Exclusion was necessary in 5 patients and 6 patients were lost to follow-up, the latter mostly due to COVID-19 restrictions and national lockdown regulations. The resulting rather small sample size is one of the main limitations of this study. Therefore, questionnaire data concerning spectacle independence, subjective rating of dysphotopsias, or overall patient satisfaction were not analyzed. In a previous study using the Visual Function Index (VF-14) questionnaire, high patient satisfaction with a score of 95.99 was found and another study showed as well satisfying results with a Quality of Vision questionnaire and 93.2% being spectacle independent after 1 year of ARTIS SYMBIOSE implantation [14, 15].

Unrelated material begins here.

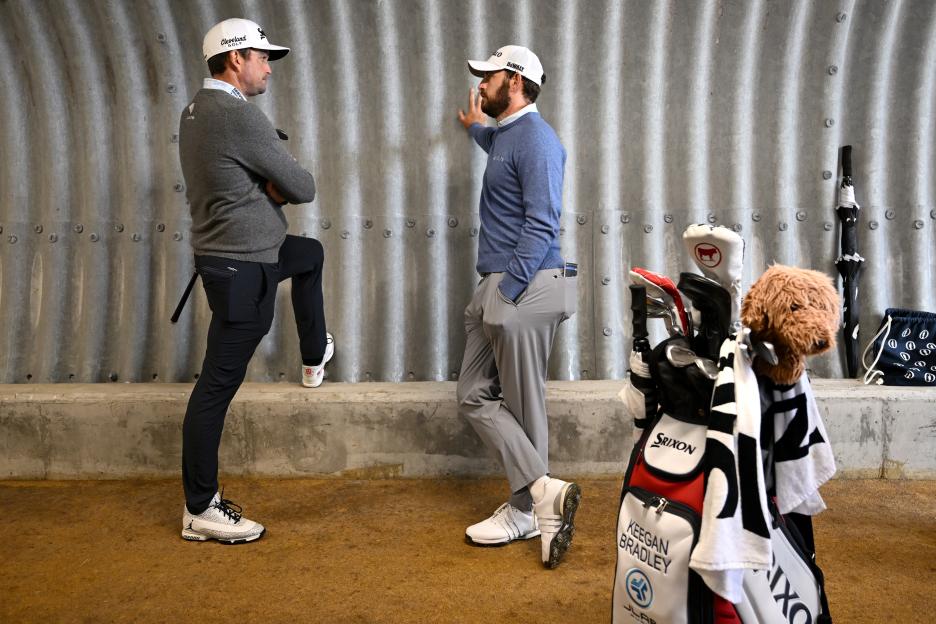Keegan Bradley and Patrick Cantlay sheltering in a tunnel during a golf tournament.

In conclusion, data of the current study demonstrated promising results of the novel ARTIS SYMBIOSE system, which are comparable to the previously well-studied AT LARA regarding VA at different distances, the defocus curves, and size of halos. The ARTIS SYMBIOSE IOL showed a better contrast sensitivity at low spatial frequencies especially under mesopic conditions with glare.
Statement of Ethics
This study protocol was reviewed and approved by the local Ethics Committee of the city of Vienna, Vienna, Austria (Approval No. EK 18-205-1018). All research and measurements followed the tenets of the Declaration of Helsinki. Written informed consent was obtained from all patients before enrollment in the study and before any study measures were performed.
Conflict of Interest Statement
None of the authors have any financial or personal interest related to the study. Prof. Findl is a scientific advisor to Alcon, BVI, Carl Zeiss Meditec AG, Croma, and Johnson & Johnson.
Funding Sources
This study was an investigator-initiated trial supported by a grant from Cristalens.
Author Contributions
H. Ivellio-Vellin and M. Ruiss conceptualized the study, performed data acquisition and statistical analysis, and prepared the manuscript; J. Hienert conceptualized the study, performed data acquisition, and critically reviewed and gave final approval of the manuscript to be published; S. Georgiev, C. Pilwachs, and A. Fisus performed data acquisition and critically reviewed and gave final approval of the manuscript to be published; and O. Findl conceptualized the study, critically reviewed and gave final approval of the manuscript to be published, and agreed to be accountable for all aspects of the work in ensuring that questions related to the accuracy or integrity of any part of the work are appropriately investigated and resolved.
Additional Information
Hannah Ivellio-Vellin and Manuel Ruiss contributed equally to this work.The study was registered at ClinicalTrials.gov (https://clinicaltrials.gov) with the clinical trial registration number NCT03921762.
Data Availability Statement
All data generated or analyzed during this study are included in this article. Further inquiries can be directed to the corresponding author.